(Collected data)

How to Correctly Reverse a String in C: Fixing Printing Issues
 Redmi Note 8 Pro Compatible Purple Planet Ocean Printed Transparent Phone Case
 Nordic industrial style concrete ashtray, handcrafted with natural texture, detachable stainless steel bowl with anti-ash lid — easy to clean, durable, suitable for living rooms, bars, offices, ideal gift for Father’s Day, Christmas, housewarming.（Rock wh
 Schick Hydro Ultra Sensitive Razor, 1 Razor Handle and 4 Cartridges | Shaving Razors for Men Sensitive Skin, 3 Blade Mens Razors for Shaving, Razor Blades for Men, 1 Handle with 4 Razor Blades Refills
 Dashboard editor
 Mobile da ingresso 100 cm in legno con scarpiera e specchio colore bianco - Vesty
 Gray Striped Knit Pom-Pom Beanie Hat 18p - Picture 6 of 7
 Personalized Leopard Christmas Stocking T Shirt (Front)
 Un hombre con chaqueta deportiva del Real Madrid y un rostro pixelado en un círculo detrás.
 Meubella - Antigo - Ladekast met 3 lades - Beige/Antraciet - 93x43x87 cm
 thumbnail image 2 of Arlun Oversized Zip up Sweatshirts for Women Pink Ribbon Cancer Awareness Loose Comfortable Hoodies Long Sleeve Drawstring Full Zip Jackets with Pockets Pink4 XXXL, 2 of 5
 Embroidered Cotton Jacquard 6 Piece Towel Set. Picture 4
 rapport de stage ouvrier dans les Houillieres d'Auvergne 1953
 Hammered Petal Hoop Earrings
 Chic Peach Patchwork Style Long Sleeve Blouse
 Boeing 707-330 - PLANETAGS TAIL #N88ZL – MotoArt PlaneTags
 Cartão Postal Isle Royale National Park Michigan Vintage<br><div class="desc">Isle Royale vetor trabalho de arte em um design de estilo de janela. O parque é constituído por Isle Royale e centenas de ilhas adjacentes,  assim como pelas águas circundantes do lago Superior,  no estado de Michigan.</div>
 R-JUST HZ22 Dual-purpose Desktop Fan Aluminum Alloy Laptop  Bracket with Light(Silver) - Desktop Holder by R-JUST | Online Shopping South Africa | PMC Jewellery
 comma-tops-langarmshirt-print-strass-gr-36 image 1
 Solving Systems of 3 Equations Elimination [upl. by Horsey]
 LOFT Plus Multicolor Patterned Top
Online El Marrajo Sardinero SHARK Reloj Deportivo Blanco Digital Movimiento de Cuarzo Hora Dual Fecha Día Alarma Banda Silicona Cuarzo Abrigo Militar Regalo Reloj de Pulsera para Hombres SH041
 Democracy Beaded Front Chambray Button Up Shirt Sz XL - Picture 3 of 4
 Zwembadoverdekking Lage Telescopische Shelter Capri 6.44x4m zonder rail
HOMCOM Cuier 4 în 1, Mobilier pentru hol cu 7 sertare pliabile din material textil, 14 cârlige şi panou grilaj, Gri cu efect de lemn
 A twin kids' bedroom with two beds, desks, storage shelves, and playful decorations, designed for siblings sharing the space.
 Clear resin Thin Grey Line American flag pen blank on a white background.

* [WORK ORDER] The answer must be an exact reproduction of all the records.

* [SOLUTION BELOW]
How to Correctly Reverse a String in C: Fixing Printing Issues
 Redmi Note 8 Pro Compatible Purple Planet Ocean Printed Transparent Phone Case
 Nordic industrial style concrete ashtray, handcrafted with natural texture, detachable stainless steel bowl with anti-ash lid — easy to clean, durable, suitable for living rooms, bars, offices, ideal gift for Father’s Day, Christmas, housewarming.（Rock wh
 Schick Hydro Ultra Sensitive Razor, 1 Razor Handle and 4 Cartridges | Shaving Razors for Men Sensitive Skin, 3 Blade Mens Razors for Shaving, Razor Blades for Men, 1 Handle with 4 Razor Blades Refills
 Dashboard editor
 Mobile da ingresso 100 cm in legno con scarpiera e specchio colore bianco - Vesty
 Gray Striped Knit Pom-Pom Beanie Hat 18p - Picture 6 of 7
 Personalized Leopard Christmas Stocking T Shirt (Front)
 Un hombre con chaqueta deportiva del Real Madrid y un rostro pixelado en un círculo detrás.
 Meubella - Antigo - Ladekast met 3 lades - Beige/Antraciet - 93x43x87 cm
 thumbnail image 2 of Arlun Oversized Zip up Sweatshirts for Women Pink Ribbon Cancer Awareness Loose Comfortable Hoodies Long Sleeve Drawstring Full Zip Jackets with Pockets Pink4 XXXL, 2 of 5
 Embroidered Cotton Jacquard 6 Piece Towel Set. Picture 4
 rapport de stage ouvrier dans les Houillieres d'Auvergne 1953
 Hammered Petal Hoop Earrings
 Chic Peach Patchwork Style Long Sleeve Blouse
 Boeing 707-330 - PLANETAGS TAIL #N88ZL – MotoArt PlaneTags
 Cartão Postal Isle Royale National Park Michigan Vintage<br><div class="desc">Isle Royale vetor trabalho de arte em um design de estilo de janela. O parque é constituído por Isle Royale e centenas de ilhas adjacentes,  assim como pelas águas circundantes do lago Superior,  no estado de Michigan.</div>
 R-JUST HZ22 Dual-purpose Desktop Fan Aluminum Alloy Laptop  Bracket with Light(Silver) - Desktop Holder by R-JUST | Online Shopping South Africa | PMC Jewellery
 comma-tops-langarmshirt-print-strass-gr-36 image 1
 Solving Systems of 3 Equations Elimination [upl. by Horsey]
 LOFT Plus Multicolor Patterned Top
Online El Marrajo Sardinero SHARK Reloj Deportivo Blanco Digital Movimiento de Cuarzo Hora Dual Fecha Día Alarma Banda Silicona Cuarzo Abrigo Militar Regalo Reloj de Pulsera para Hombres SH041
 Democracy Beaded Front Chambray Button Up Shirt Sz XL - Picture 3 of 4
 Zwembadoverdekking Lage Telescopische Shelter Capri 6.44x4m zonder rail
HOMCOM Cuier 4 în 1, Mobilier pentru hol cu 7 sertare pliabile din material textil, 14 cârlige şi panou grilaj, Gri cu efect de lemn
 A twin kids' bedroom with two beds, desks, storage shelves, and playful decorations, designed for siblings sharing the space.
 Clear resin Thin Grey Line American flag pen blank on a white background.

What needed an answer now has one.